Parallelization with /bin/sh

I have 89 log files. The average file size is 100ish megs. I want to parse all of the logs into something else useful. Processing 9.1 gigs of logs is not my idea of a good time, nor is it a good application for a single CPU to handle. Let's parallelize it.

I abuse /bin/sh's ability to background processes and wait for children to finish. I have a script that can take a pool of available computers and send tasks to it. These tasks are just "process this apache log" - but the speed increase of parallelization over single process is incredible and very simple to do in the shell.

The script to perform this parallization is here: parallelize.sh

I define a list of hosts to use in the script and pass a list of logs to process on the command line.

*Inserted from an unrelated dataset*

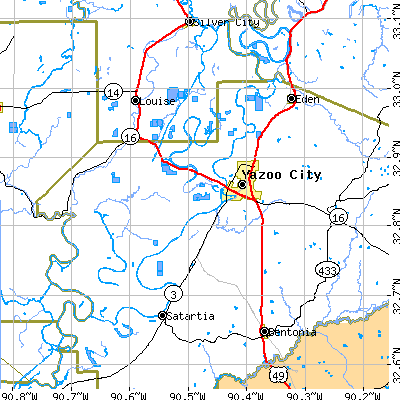 Zip code 39194 close-up map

The host list is multiplied until it is longer than the number of logs. I then pick a log and send it off to a server to process using ssh, which calls a script that outputs to stdout. Output is captured to a file delimited by the hostname and the pid.

I didn't run it single-process in full to compare running times, however, parallel execution gets *much* farther in 10 minutes than single proc does. Sweet :)

Some of the log files are *enormous* - taking up 1 gig alone. I'm experimenting with split(1) to split these files into 100,000 lines each. The problem becomes that all of the tasks are done except for the 4 processes handling the 1 gig log files (there are 4 of them). Splitting will make the individual jobs smaller, allowing us to process them faster becuase we have a more even work load across proceses.

So, a simple application benefiting from parallelization is solved by using simple, standard tools. Sexy.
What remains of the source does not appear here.